Chiko juga mengaku menyimpan file video dalam Google Drive berjudul 'Skandal Smanse'. Dia menegaskan, semua isi file video tak senonoh itu bukan kejadian nyata, melainkan hasil editan dengan AI.
Ia berjanji tak akan mengulangi perbuatannya. "Saya menyadari bahwa perbuatan saya telah menimbulkan dampak negatif bagi SMA Negeri 11 Semarang," lanjut Chiko dalam video berdurasi sekitar dua menit itu.

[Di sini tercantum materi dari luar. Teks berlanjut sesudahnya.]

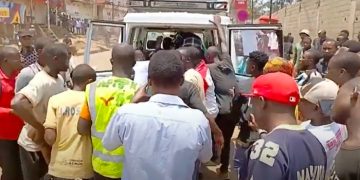 M23 rebels Arrest Two Suspects in connection to Bukavu Grenade Attack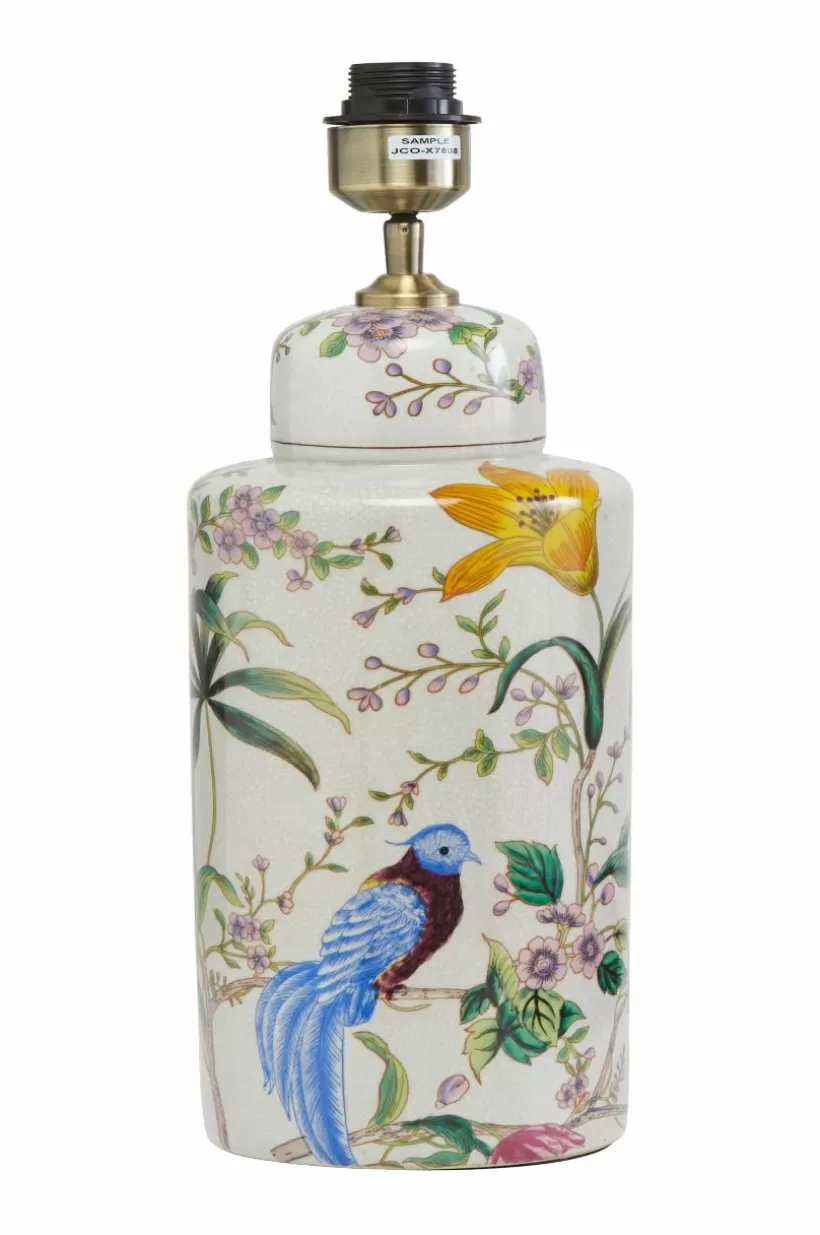 Jotex Lamptillbehör*Lampfot Li Na, 46 Cm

Kepala SMA Negeri 11 Semarang, Tri Widiyastuti, belum merespons saat diminta tanggapan terkait kasus ini. Ia juga tidak menjelasan bagaimana kondisi siswa yang menjadi korban.
Pelaku Bisa Dipidana
Chiko sudah mengakui perbuatannya. Namun, apakah cukup hanya dengan minta maaf? Aktivis Legal Resources Center untuk Keadilan Jender dan Hak Asasi Manusia (LRC-KJHAM) menyebut kasus ini bisa masuk ranah pidana.
Menurut Citra Ayu Kurniawati dari LRC-KJHAM, memanipulasi foto orang lain menjadi konten cabul dan diunggah di media sosial termasuk kasus kekerasan seksual berbasis elektronik.
"Itu bisa pidana karena masuk pelanggaran UU ITE dan UU TPKS," ucap Citra saat dikonfirmasi, Kamis (16/10/2025).
Ia menilai, kasus kekerasan seksual tidak bisa diselesaikan di luar hukum dengan meminta maaf. Namun, pidananya harus menunggu korban melapor karena kasus ini merupakan delik aduan.
Citra mendorong korban berani bersuara dan melapor. Menurutnya, para korban berhak mendapatkan perlindungan dan pemulihan akibat dari kasus ini.